Monday, January 30, 2012
Opening weekend, I hightailed it to the movie theater to see Red Tails—the fictionalized account of the infamous Tuskegee Airmen. As a lover of stories that demonstrate the ability to not only transcend, but also transform one’s circumstances even in the face of severe adversity, I was excited about seeing the movie. But I left the theater muddling through a mixture of emotions; I liked it, but I didn’t love it. I wanted more than I got.
From watching an interview with George Lucas, the executive producer, I know that he wanted to create a work that honored American, particularly African-American heroes, but the light-hearted nature of the film watered down the trials and tribulations of men who were fighting two wars: one abroad and one at home. These brave men (and women) were up against an enemy who believed in racial superiority while fighting for a country that promoted its own brand of racial subjugation through its segregated military forces. Lucas said he didn’t want the men to be viewed as victims, but a more in-depth look into their lives would have made them even bigger Victors, not Victims.
Because Red Tails is a war movie, the interracial storyline was unnecessary and unbelievable. If any woman’s story should have been told it should have been that of Mary McLeod Bethune using her friendship with then first lady Eleanor Roosevelt to solicit support from President Franklin D. Roosevelt to create training programs for Black pilots. Instead we get the philandering, angry, rebellious soldier who finds love in the arms of an Italian woman hanging laundry on a rooftop that he saw from his plane even though neither of them speaks the other’s language. Maybe Lucas, who is in an interracial relationship wanted us to believe in the symbolic gesture of love conquering all and maybe it does . . . but not in this movie.

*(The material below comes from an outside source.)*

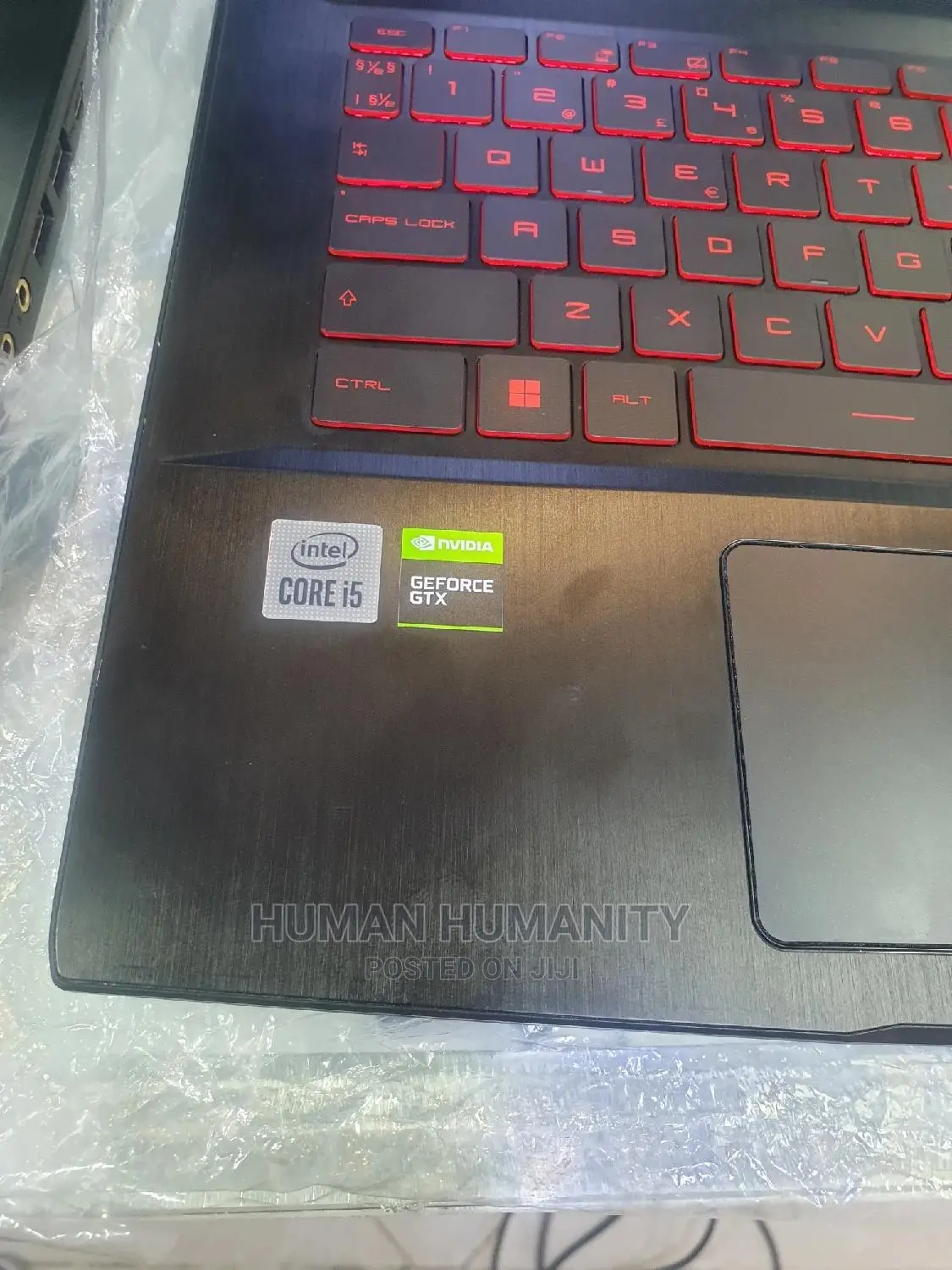 New Laptop MSI GF63 8GB Intel Core i5 SSD 256GB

And while I’m on the subject of women, where were the Black women? You mean to tell me there were no mothers, wives or daughters waiting at home? There was a reference made to a wife and child of the missing solider in the film, so why not show a scene where she’s home longing for a letter that doesn’t come. That would have been more realistic. Red Tails paints a positive picture of Black men at a time when their vilification and /or victimization are an integral part of the daily news cycle. I get it. But you cannot uplift the image of the African-American man by stepping on the neck of African-American woman. To not show even one Black woman continues to negate our history in this country.

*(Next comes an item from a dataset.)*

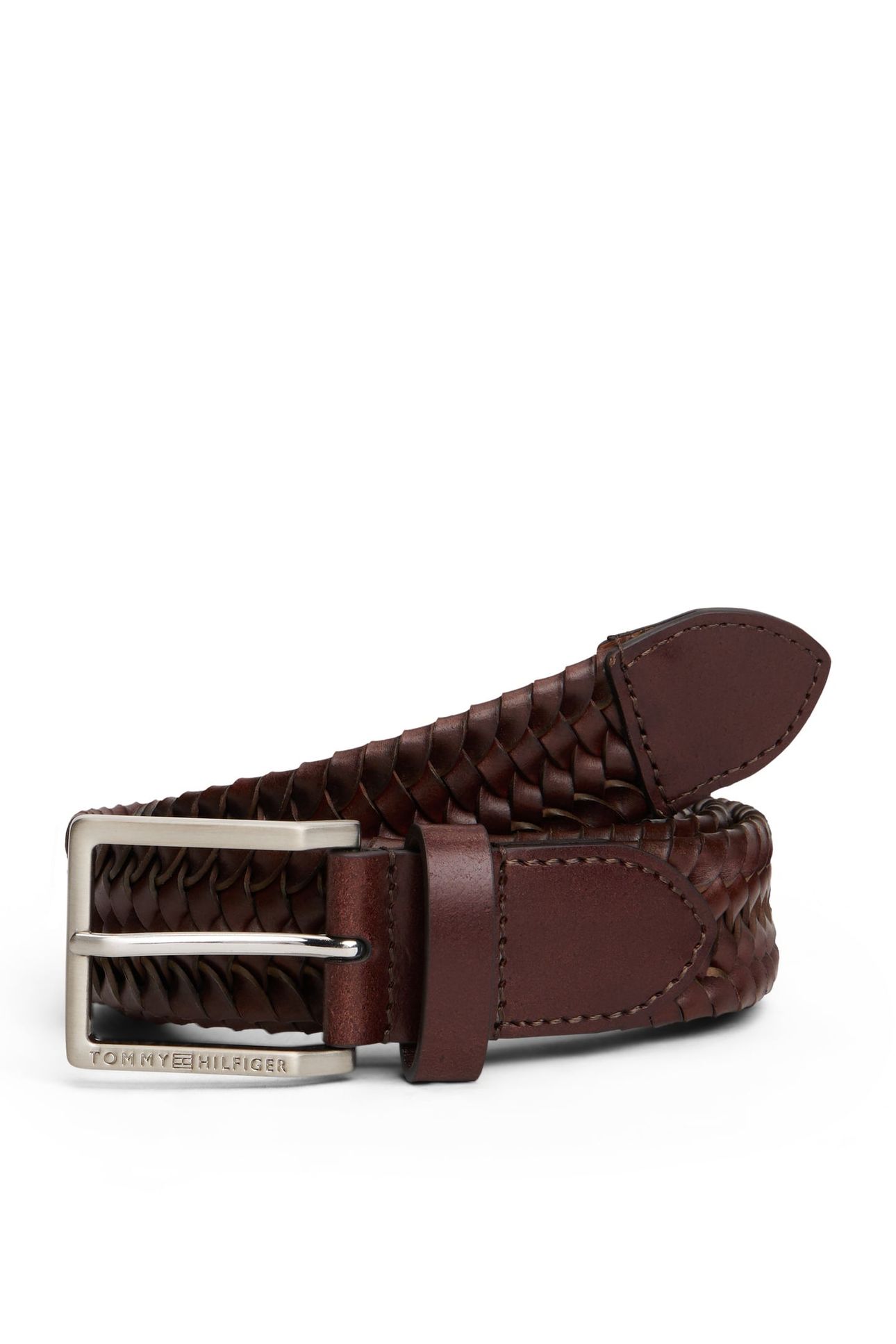 OLIVER WOVEN 3.5 BELT COFFEE BEAN 2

There is no History without Her story, and there is no one way of looking at history. It is not His Story—the story of White America. As a nation, we have to move beyond thinking of stories like the Tuskegee Airmen as Black history. Black history is American History and we need to get that into our heads. The fact that Lucas felt like he needed to make a plea for people to come out and support the film is a poor reflection on American culture in this pretend place of post-racialness that promotes the idea that mainstream America is White America. A movie with an all white cast is mainstream, but a movie that features people of color is put in an ethnic box as if it will only appeal to people of that ethnicity. A few years ago, a two-fer film was released: Our Family Wedding a comedy that was aimed at African Americans and Latinos about what happens when an African American marries a Latino. Even the film, Something New about a Black woman dating a White man was marketed to Black moviegoers. Why in 2012 does mainstream still equal White people? Where does that leave the rest of us?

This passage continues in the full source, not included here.